Entrevista com a escritora e poetisa Valeria Borges da Silveira

   

Nossa entrevistada é a poetisa Valeria Borges da Silveira. Escritora, Poetisa e palestrante. Diretora Empresa Santa Barbara Produções. Diretora Geral HRLSS - Hospital Regional da Lapa São Sebastião. Presidente Associação Literária Lapeana. Presidente do Instituto Borges da Silveira. Coordenadora da UTIL - Universidade da Terceira Idade da Lapa. Membro de várias Entidades Culturais do Paraná. Autoria Livros: Rastos, Tantos Eus e Reticências - de poesias. Autoria crônicas "Penso Assim...”. Livro "Lapa Tropas e Tropeiros - Caminhos da História” (autoria: Valeria Borges da Silveira e Maria Ines Borges da Silveira). Participação e Organização de várias coletâneas. www.valeriaborgessilveira.com.br e www.livroseciavaleriaborges.com.br

1) Quando começou a escrever poesia?

Comecei a escrever na adolescência. Era bastante tímida e através da poesia passei a expressar melhor meus sentimentos. E os livros sempre foram meus companheiros. Leio e escrevo muito, não só poesias, mas também crônicas e contos.

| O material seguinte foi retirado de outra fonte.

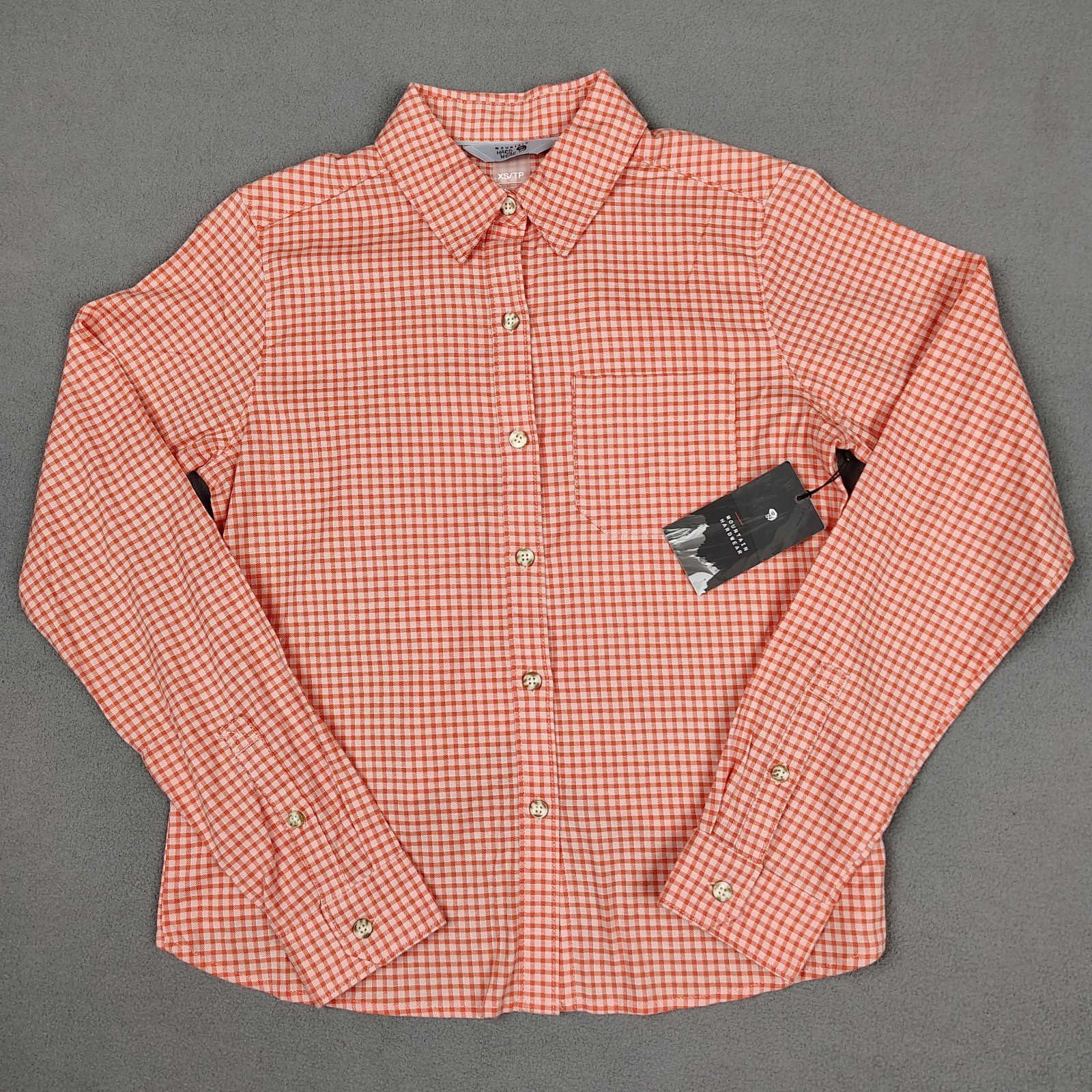 New Mountain Hardware Hiking Long Sleeve Shirt Women XS Coral Gingham Check $85
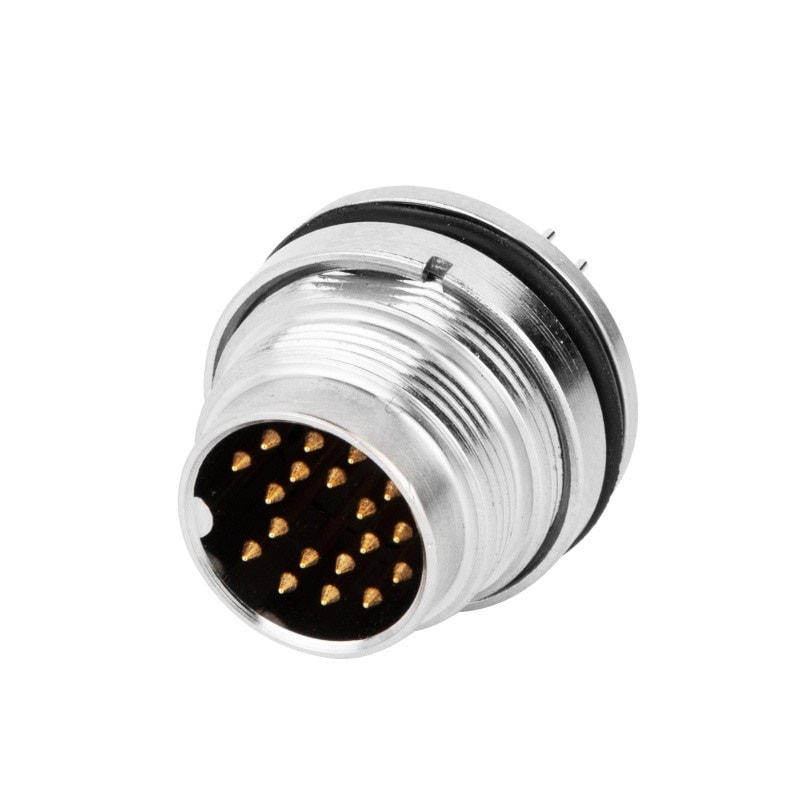 M16 panel receptacle, rear mount, male, contacts:12,14,16,19, PCB dip-solder connection, straight, IP67, UL certified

2) Fale dos autores que influenciaram o seu estilo.

Vários autores me influenciaram e influenciam ate hoje. Entre eles: Fernando Pessoa, Helena Kolody, Cora Coralina, Cecília Meireles e Clarice Lispector. São autores que falam de sentimentos, de vivências, de metáforas, etc. Escrevo muito sobre os sentimentos, na maior parte sobre amor na sua plenitude, amor à natureza, amor à família, amor a Deus, amor sublime, enfim amor vivido em todos os sentidos.

‎3) Que lugar ocupa a Poesia na sua vida?

A poesia está inserida no meu dia a dia. Respiro poesia. Através da poesia retrato meus momentos de maior sensibilidade, onde busco transcrever o sentimento que vem "da alma".

4. Fale sobre os seus melhores poemas.

Procurei selecionar alguns poemas de fases diferentes. Alguns deles foram premiados. E todos os 10 escolhidos para a Antologia "Melhores Poemas". são poemas muito elogiados. Mas a escolha não foi tão fácil porque há vários outros que gosto muito.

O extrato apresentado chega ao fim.